Na verdade, de acordo com as escrituras
sagradas, bem como a revelação deixada pelo comportamento de Jesus quando viveu
entre nós, a religação com Deus e seu Reino se dá pela via da cooperação entre
Deus e os homens, mas também entre os próprios homens.
O conceito de cooperação está
logo no capítulo primeiro do livro de Gênesis, onde vemos a elaboração da
criação como um ato conjunto da trindade: façamos. Aliás, essa cooperação entre
os membros da trindade expressa, com toda ênfase, o princípio da Lei dos dez
mandamentos, onde a cooperação é uma ordenação que comanda colaboração com Deus
e cooperação entre os homens. A ação conjunta da trindade é, além disso, ressaltada,
por exemplo, quando da intervenção, após dilúvio, na torre de Babel (Gên.11:7).

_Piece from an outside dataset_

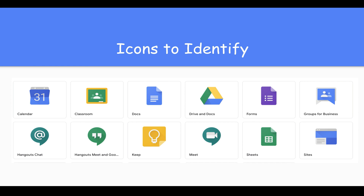As soon as you create a document in any one of these platforms, it automatically stores to your Google Drive, so you never need to worry about losing homework again. Enjoy your learning!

Mas, a ação mais espetacular da trindade deu-se na encarnação de Jesus, seu
nascimento, desenvolvimento, sacrifício e ressurreição. Em todos os momentos da
experiência vivida por Jesus na Terra, havia uma ligação infringível da
trindade na consecução do plano para redenção para os homens. No capítulo 16 do
evangelho de João, Jesus demonstra a atuação cooperativa da trindade de uma
forma evidente, ensinando como se dá a administração celeste e qual o ideal
para os homens.
Já na criação, no jardim do Éden,
ao determinar a função humana, a Adão foi dada a responsabilidade de cuidar do
jardim. Nessa ordem pode-se ver que a dinâmica imposta por Deus determinou que
deveria necessariamente haver cooperação entre Deus e o homem. Deus criara o
mundo físico, obedecendo a claros padrões de cooperação (Salmos 19:2), mas ao
homem caberia a conservação do mundo físico e a criação do mundo social,
obedecendo os mesmos critérios. E assim foi. Quando Adão despertou do sono e
foi-lhe entregue a sua mulher, ele exclamou: “Esta é agora osso dos meus ossos,
e carne da minha carne; esta será chamada mulher, porquanto do homem foi tomada”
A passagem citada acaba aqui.